Stress Detection Model (CV)

A bespoke aquaculture computer vision model trained to detect stress behaviours in barramundi (Lates calcarifer). This project was designed in cooperation with the client farm, and then developed and deployed by me as a full-stack solution.

(Infographics and detailed information coming soon!)

Using CV to Monitor Fish

This project has been designed to assist farmers in monitoring their tanks for behaviours commonly associated with stress, like balling and surface-seeking. These behaviours can be seen by CCTV cameras mounted above individual tanks. Using footage from these cameras, I created and trained a computer vision (CV) model that is to be deployed on the farm soon* as part of a bespoke full-stack solution.

*( once I finished writing my thesis and have time to fly to the farm...early 2026)
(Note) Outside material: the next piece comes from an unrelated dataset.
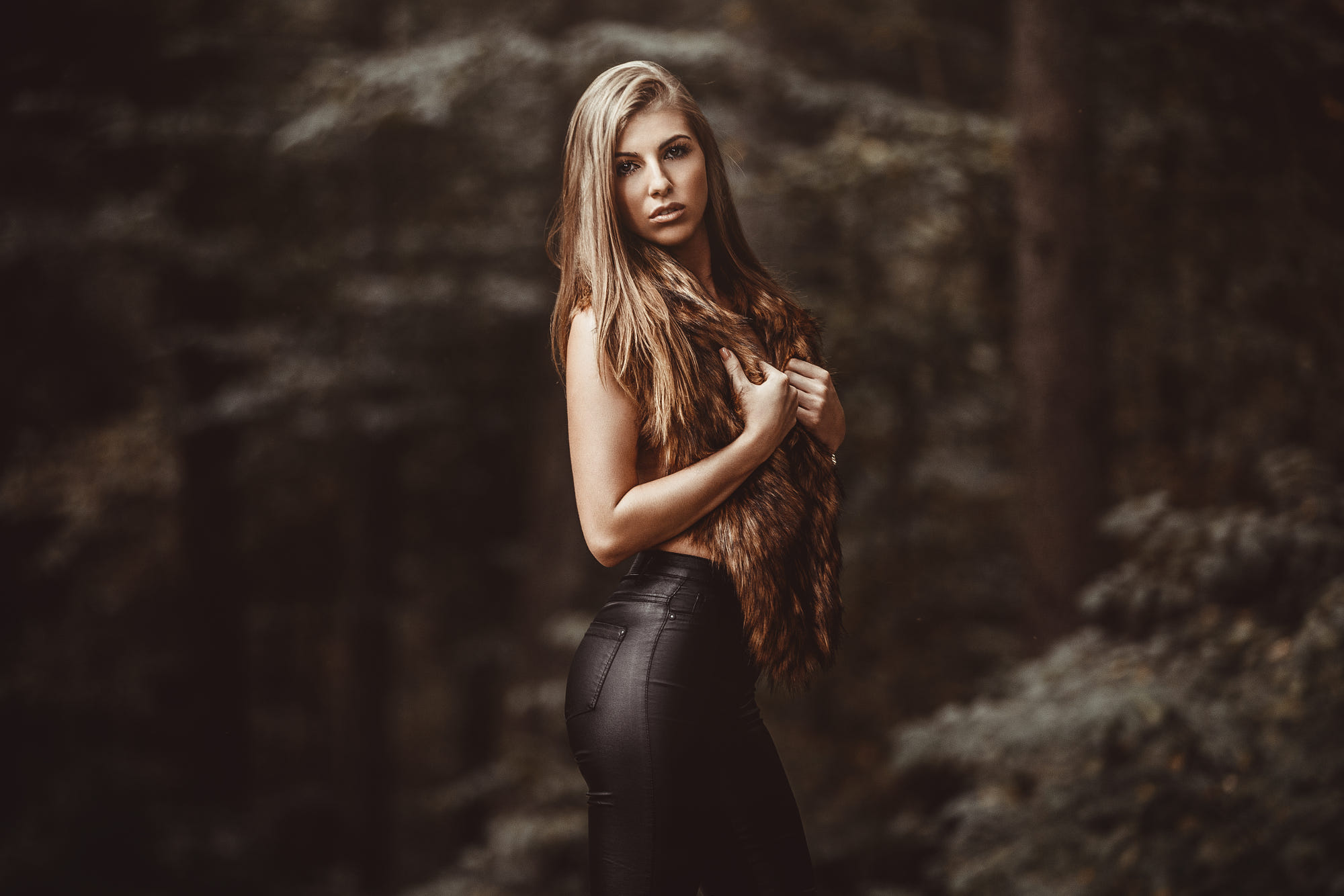Heiko Klingele Women Women Outdoors Photography Model Forest Trees Black Clothing Depth Of Field Loo 2000x1334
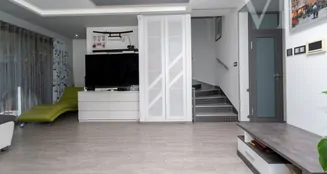 von_poll_real_estate_property_HU25439616_image_8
My work in this project encompassed data annotation, model development and training, experimentation/performance evaluation and local deployment on native systems. Development is completed, the model awaits local deployment and will be continously supported after deployment.

Accessibility & HCAI

This model has been designed with accessibility and human-centered AI principles:

  • It utilizes existing farm infrastructure, resulting in no hardware cost.
  • Similarly, it has been designed to work with the existing camera software. This causes minimal disruption to existing workflows and avoids having to retrain workers or lose previous functionality.
  • The users/client have been involved in the design process.
  • This model is not replacing human work, but supplementing it.
  • The architecture of this model has been kept intentionally simple and small, so that it can run locally (not on the cloud) and return predictions fast.
  • Running the model locally allows for sensitive farm footage to remain secure and is not uploaded at any point.
  • The model is supported and routinely updated with new data, allowing the model to keep learning and growing.
  • The model returns information on why it made a decision (following XAI principles).